> _INPUT FOR THIS TASK_:
Segment Open

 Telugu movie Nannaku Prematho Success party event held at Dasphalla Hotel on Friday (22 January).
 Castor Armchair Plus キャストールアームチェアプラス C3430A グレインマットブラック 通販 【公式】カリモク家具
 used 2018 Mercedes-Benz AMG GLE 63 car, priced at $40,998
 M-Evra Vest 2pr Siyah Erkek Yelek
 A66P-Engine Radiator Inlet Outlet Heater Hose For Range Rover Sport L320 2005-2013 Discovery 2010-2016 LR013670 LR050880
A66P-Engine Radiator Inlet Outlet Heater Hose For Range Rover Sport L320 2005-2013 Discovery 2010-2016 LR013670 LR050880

Segment Closed
Segment Open

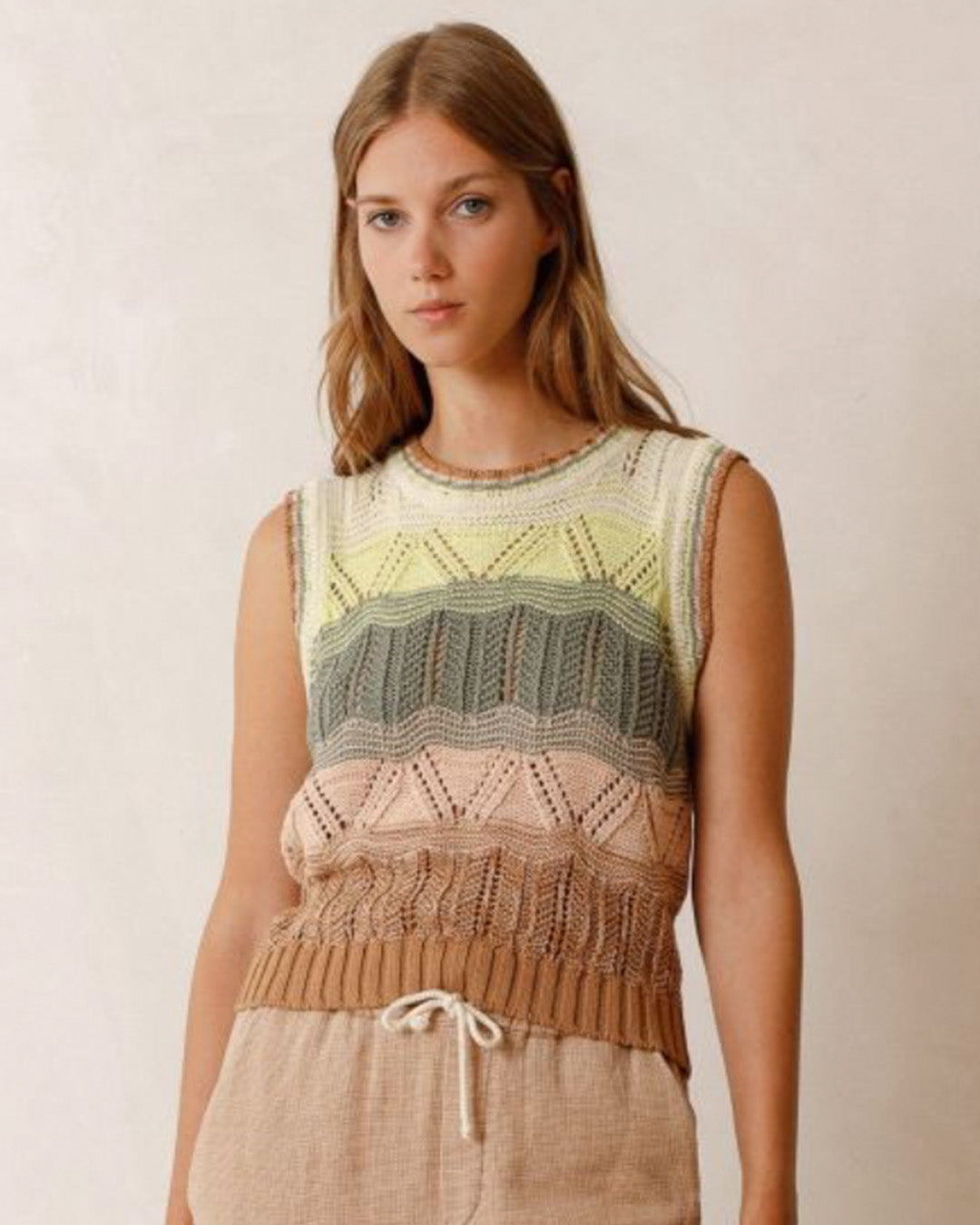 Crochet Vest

Segment Closed

From the listing above, pick out every line containing "Discovery".

> _RESPONSE TO THIS TASK_:
 A66P-Engine Radiator Inlet Outlet Heater Hose For Range Rover Sport L320 2005-2013 Discovery 2010-2016 LR013670 LR050880
A66P-Engine Radiator Inlet Outlet Heater Hose For Range Rover Sport L320 2005-2013 Discovery 2010-2016 LR013670 LR050880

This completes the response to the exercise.